Prima della sentenza Gubert, attraverso Sez. III, 6 ottobre 2011, n. 36293, Leg. rappresentante Hipo Alpe Adria Bank s.p.a, Rv. 251133, in tema di reati tributari, la Corte ha testualmente affermato che l’inciso contenuto nell’art. 322 ter cod. pen. [quando essa non è possibile] è diretto a consentire la confisca per equivalente in ogni caso in cui il bene che costituisce il profitto del reato sia un bene fungibile, come il denaro, perché questo non può essere oggetto di confisca diretta, in quanto non materialmente individuabile.
Negli stessi termini, sempre in tema di reati tributari, Sez. III, 16 maggio 2012, n. 25677, Caneva e altro, in motivazione; Sez. III, 20 marzo 1996, n. 1343, P.M. in proc. Centofanti, Rv. 205466, secondo cui in tema di frode fiscale non è assoggettabile a sequestro preventivo nella prospettiva di una successiva confisca il saldo liquido di conto corrente in misura corrispondente all'imposta evasa non sussistendo il necessario rapporto di derivazione diretta tra l'evasione dell'imposta e le disponibilità del conto dal momento che non può affermarsi che la disponibilità liquida sia frutto dell'indebito arricchimento per una somma equivalente all'imposta evasa.
Sempre prima della sentenza Gubert, nell’ambito di tale orientamento devono essere ricondotte, ancora, Sez. III, 25 settembre 2012, n. 1261, Marseglia, Rv. 254175, in tema di reati tributari; Sez. VI, 23 giugno 2006, n. 25877, P.M. in proc. Maniglia, Rv. 234851, secondo cui <<qualora il profitto tratto da taluno dei reati per i quali, ai sensi dell'art. 322 ter cod. pen., è prevista la confisca per equivalente, sia costituito da danaro, l'adozione del sequestro preventivo in vista dell'applicazione di detta misura non può essere subordinata alla verifica che il danaro sia confluito nella effettiva disponibilità dell'indagato giacché, altrimenti, si verrebbe a ristabilire la necessità di un nesso pertinenziale tra la "res" ed il reato che la legge, con l'istituto
della confisca per equivalente, ha inteso invece escludere>>; più recentemente, Sez. II, 29 aprile 2014, n. 21228, Riva Fire, s.p.a., Rv. 259717, in tema di truffa; Sez. VI, 20 dicembre 2013, n. 3635/2014, Riva Fire s.p.a., Rv. 257788.
In tale contesto, significativa è - dopo la sentenza Gubert - Sez.
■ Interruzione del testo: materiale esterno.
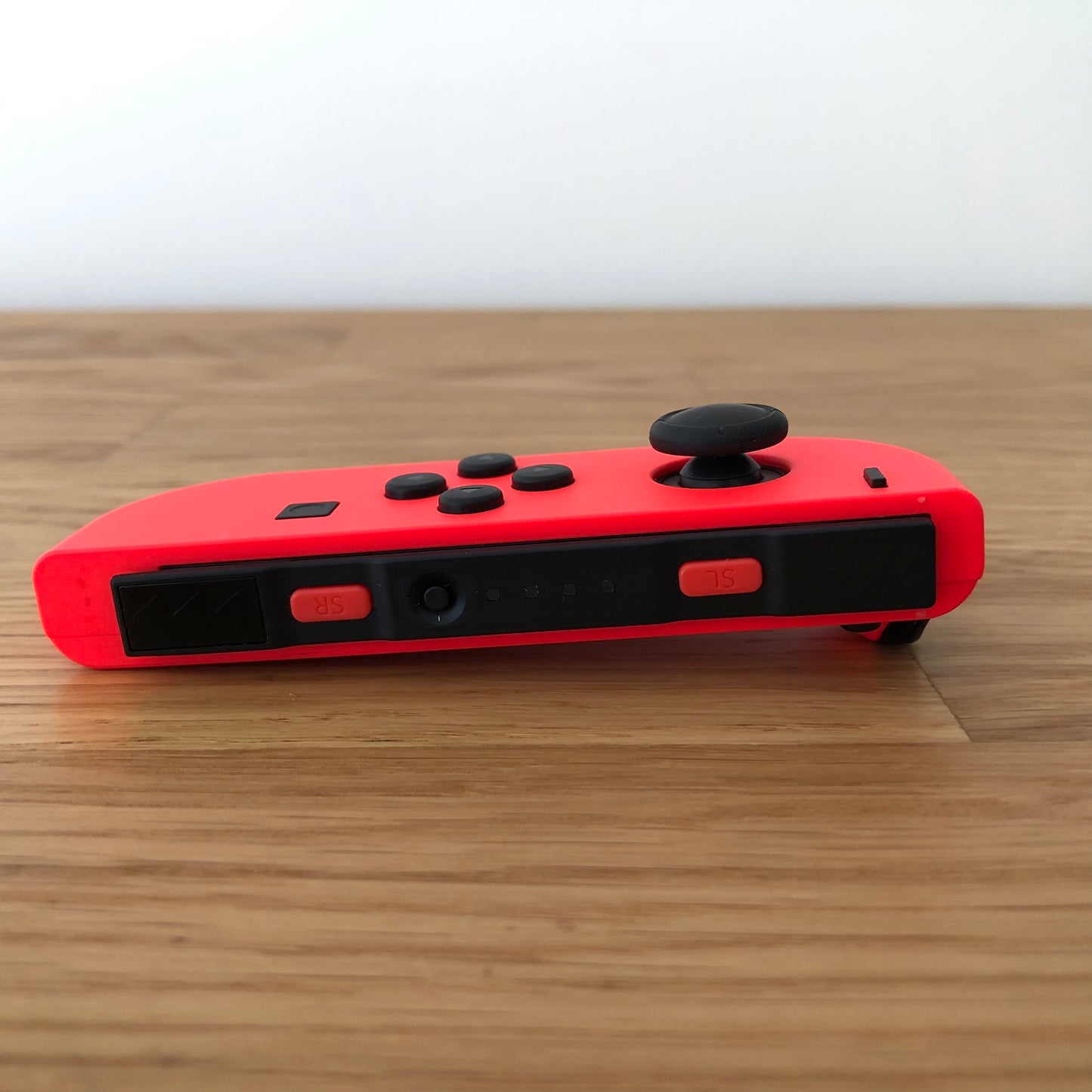 Bottom edge view of neon red Nintendo Switch Joy-Con controller, showing SL and SR buttons clearly.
V, 4 giugno 2014, n. 27523, Argento e altro, Rv. 259855.
Nella specie era stato disposto un sequestro preventivo per equivalente di denaro corrispondente al valore derivante dalla mancata corresponsione di oneri previdenziali e contributivi cioè di un indebito trattenimento disposto per il reato di truffa: la Corte di cassazione ha affermato che quando la illecita locupletazione si sostanzia in un mancato esborso, il sequestro dovrà necessariamente avvenire "per equivalente" e ciò, non solo perché il denaro è bene assolutamente fungibile (di talché non avrebbe senso, come è ovvio, il vincolo apposto su quelle specifiche banconote), ma principalmente perché, in tal caso, esso non ha mai avuto una sua dimensione fisica, ma è consistito in una immateriale entità contabile che, proprio perché non ha dato luogo a un esborso, non si è mai "incorporata" in moneta contante.
Non diversamente, proprio in tema di reati tributari, Sez. III, 30 maggio 2014, n. 49631, P.M. in proc. Guarracino, Rv. 261148, in cui la Corte ha testualmente affermato che il denaro del quale è chiesto il sequestro non entra nel patrimonio del reo, andandosi a sommare con gli altri beni di esso facenti parte, ma, semplicemente, non ne esce, perché esso è illecitamente risparmiato, essendo il frutto della mancata corresponsione di imposte dovute.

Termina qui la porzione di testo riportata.